Two physical therapists (each having 20 years of experience) conducted all the measurements; evaluators were blinded regarding group assignment. SWC was performed by a trained nurse; finally the HVPC and LLLT treatments were performed by one physical therapist.


Primary outcome:
Healing: defined as yes or no, if a closure of at least 75 % or more of the sum of areas of all ulcers per patient ocurred after the 16th week of intervention.

Secondary outcomes:
Healing Proportion: measurement obtained as the percent of baseline area, based on the sum of the areas of all ulcers per patient, for weeks 4, 8, 12 and 16 defined as follows: [(initial area - end area)/ initial area x 100].

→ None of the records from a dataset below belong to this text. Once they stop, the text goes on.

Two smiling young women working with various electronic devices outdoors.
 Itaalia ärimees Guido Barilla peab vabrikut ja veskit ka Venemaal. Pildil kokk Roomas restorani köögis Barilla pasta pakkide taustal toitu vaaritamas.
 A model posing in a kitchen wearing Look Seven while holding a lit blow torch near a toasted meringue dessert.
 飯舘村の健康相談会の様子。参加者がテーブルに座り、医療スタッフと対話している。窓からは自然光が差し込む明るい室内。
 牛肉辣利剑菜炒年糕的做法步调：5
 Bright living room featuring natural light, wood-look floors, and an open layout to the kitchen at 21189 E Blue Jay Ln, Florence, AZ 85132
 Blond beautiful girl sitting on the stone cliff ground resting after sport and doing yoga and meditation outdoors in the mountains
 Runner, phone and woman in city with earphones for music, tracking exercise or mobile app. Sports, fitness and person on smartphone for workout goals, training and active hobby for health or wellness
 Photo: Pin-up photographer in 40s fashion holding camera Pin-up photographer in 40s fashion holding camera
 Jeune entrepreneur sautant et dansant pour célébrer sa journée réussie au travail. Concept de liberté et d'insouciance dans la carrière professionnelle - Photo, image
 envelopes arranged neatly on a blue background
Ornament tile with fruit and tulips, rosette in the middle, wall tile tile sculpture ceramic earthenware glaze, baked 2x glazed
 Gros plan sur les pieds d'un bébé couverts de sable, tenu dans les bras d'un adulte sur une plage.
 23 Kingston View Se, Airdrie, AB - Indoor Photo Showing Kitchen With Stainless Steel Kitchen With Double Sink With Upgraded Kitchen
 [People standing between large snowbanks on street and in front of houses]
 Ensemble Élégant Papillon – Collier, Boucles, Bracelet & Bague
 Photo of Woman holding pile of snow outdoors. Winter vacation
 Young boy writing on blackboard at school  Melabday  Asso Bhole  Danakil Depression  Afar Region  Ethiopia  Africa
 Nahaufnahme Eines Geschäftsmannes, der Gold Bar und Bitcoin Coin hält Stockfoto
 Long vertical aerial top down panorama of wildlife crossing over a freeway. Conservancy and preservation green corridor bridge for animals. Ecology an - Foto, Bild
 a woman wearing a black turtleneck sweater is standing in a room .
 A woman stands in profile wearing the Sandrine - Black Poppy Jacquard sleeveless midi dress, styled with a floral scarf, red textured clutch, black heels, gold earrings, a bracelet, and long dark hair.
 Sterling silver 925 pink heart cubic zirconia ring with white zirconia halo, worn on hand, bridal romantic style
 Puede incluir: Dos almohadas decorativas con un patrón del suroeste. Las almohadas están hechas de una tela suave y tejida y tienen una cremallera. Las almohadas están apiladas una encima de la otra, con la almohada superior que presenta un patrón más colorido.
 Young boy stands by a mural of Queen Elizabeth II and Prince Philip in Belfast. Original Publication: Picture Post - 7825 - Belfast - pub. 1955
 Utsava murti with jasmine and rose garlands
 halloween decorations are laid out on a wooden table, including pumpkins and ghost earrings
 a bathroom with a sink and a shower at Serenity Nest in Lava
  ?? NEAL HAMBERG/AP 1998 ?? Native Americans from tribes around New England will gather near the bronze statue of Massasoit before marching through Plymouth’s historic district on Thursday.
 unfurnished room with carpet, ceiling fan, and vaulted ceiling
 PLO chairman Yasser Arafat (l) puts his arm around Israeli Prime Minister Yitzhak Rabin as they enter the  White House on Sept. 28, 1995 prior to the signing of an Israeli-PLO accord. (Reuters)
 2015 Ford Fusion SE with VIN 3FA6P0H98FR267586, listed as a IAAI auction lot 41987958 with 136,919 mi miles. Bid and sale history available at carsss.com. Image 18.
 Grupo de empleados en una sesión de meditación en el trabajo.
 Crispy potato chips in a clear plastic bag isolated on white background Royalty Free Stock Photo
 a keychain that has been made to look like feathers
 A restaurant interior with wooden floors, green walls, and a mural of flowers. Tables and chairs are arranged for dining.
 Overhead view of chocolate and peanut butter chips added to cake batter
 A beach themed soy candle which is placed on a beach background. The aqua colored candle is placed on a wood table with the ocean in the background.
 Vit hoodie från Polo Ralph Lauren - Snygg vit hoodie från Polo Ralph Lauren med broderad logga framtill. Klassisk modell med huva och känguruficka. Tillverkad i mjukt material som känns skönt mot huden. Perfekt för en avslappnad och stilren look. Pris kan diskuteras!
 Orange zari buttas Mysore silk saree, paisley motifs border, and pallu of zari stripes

Characteristics of the ulcers: Wounds were categorized using the Wagner Classification System. This system assess the wound depth, infection and ischemia and gives six wound stages. The ulcer location was identified on a picture of the foot and distal leg with views of the lateral and plantar foot. The wound surface area was measured using the acetate tracing method; this involved directly applying a clean transparent film to the wound and then tracing the wound edges. This tracing was transposed onto graph-paper and then scanned to determine wound area in cm2 using Image 1,39 usoftware (National Institutes of Health, USA). Wound depth was measured by using a sterile cottontipped applicator which was placed into the deepest part of the wound and then withdrawn and measured in millimeters. Ulcer progression toward healing was determined by surface area measurement recorded in months.

Protective Sensation Test and Nerve Conduction Studies (NCS): Peripheral nerve function was assessed by using the protective sensation testing and NCS of the sural, medial plantar and posterior tibial nerves. Data from these tests were used to show whether the therapeutic interventions induce changes in a patient's neuropathic status.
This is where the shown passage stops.